I still remember my first redfish, an aggressive nine-pounder that smashed a gold “Trap” and forever changed the way I thought about fishing. To this day I still fish some of the same water where I started and the patterns still hold true, those fish gang up in deep water and only those who go looking for them will ever find them.
Deep water fishing is something of a mystery to most inshore saltwater anglers. Once they get into about 8-foot depths most of them begin feeling lost and start looking for a shoreline somewhere to beat up on. The shallow stuff is great and everybody wants to “get ‘em in the skinny” if they can, but sometimes that just doesn’t happen.
The biggest problem that most anglers have to overcome when fishing deep water is developing confidence. The shallow water approach has been so hammered into our psyche that we almost don’t know any other way to go about chasing fish. But believe me when I say this, “If you can master deep water you can fish without crowds more often than the folks who stay shallow.” Now if that doesn’t get your attention I don’t know what will.
Several techniques can be employed to fish the deeper stuff. None are very difficult to grasp and the month of December is a perfect time to try them.
Start by taking advantage of your electronics to locate a break in the depth or some type of underwater structure that offers fish a place to get out of the current and ambush prey. Crankbaits like the Rat-L-Trap and Hoginar are perfect for probing these areas. The crankbaits are easy to feel and stay in contact with, even at increased depths.
Another good method comes from the world of bass fishing – the dropshot rig. This rig consists of a soft plastic rigged several feet above a weight. The hook is tied on with a Palomar knot and the depth of the weight is adjustable. Feeling the strike is made much easier because the weight is located below the lure. The presentation is made by allowing the weight to descend vertically to a productive depth and then simply shaking or quickly raising and lowering the rod tip.
As an alternative to a standard dropshot rig you can also use a jighead rigged with a soft plastic instead of just an ordinary weight or dropshot weight. Old timers will tell you it looks like a “double rig” or “speck rig” but its made to fish vertically instead of being cast into schools of feeding fish and then retrieved horizontally. This works particularly well when fish are suspended over deep shell, a situation that challenges the angler’s ability to fish deep without hanging up on the oyster or clam shell that litter the bottom.
Just about anybody can catch fish when the conditions are ideal during these last weeks of the year because it’s almost stupid easy at times. What separates true anglers from average fishermen is when the weather turns bad or the wind cranks up and forces you to seek an alternate plan. The methods previously mentioned are tried and true for this part of the coast but I’m confident they’ll work in just about any location if given a chance. Trust me though when I say that it’s not always easy and some patience is required.
Once you actually experience some success using a deep water technique you will no longer worry as much about picking the perfect day – you have a new weapon in your arsenal. Having the confidence that you can find fish in a wider variety of scenarios will certainly allow you to not only spend more days on the water but to enjoy them as well.

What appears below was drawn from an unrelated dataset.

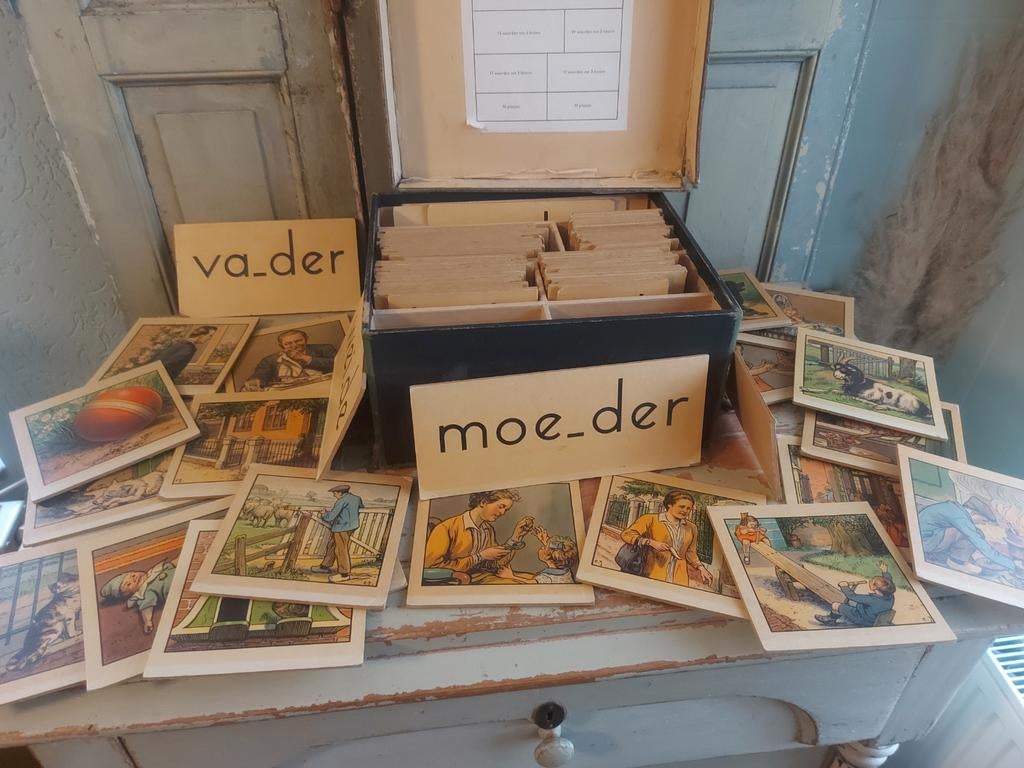 Antieke platen klassikale leesplank compleet met 94 stuks, Antiek en Kunst, Ophalen of Verzenden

This time of the year will certainly bring us our fair share of cold weather and that will make for some excellent opportunities for those who dare to brave the elements. Take special care to wear warm clothing and a PFD at all times. Hypothermia is no joking matter and if accidents could be predicted they would never happen. Think about that.
Take care, be safe, enjoy December’s angling opportunities, and have a great holiday season.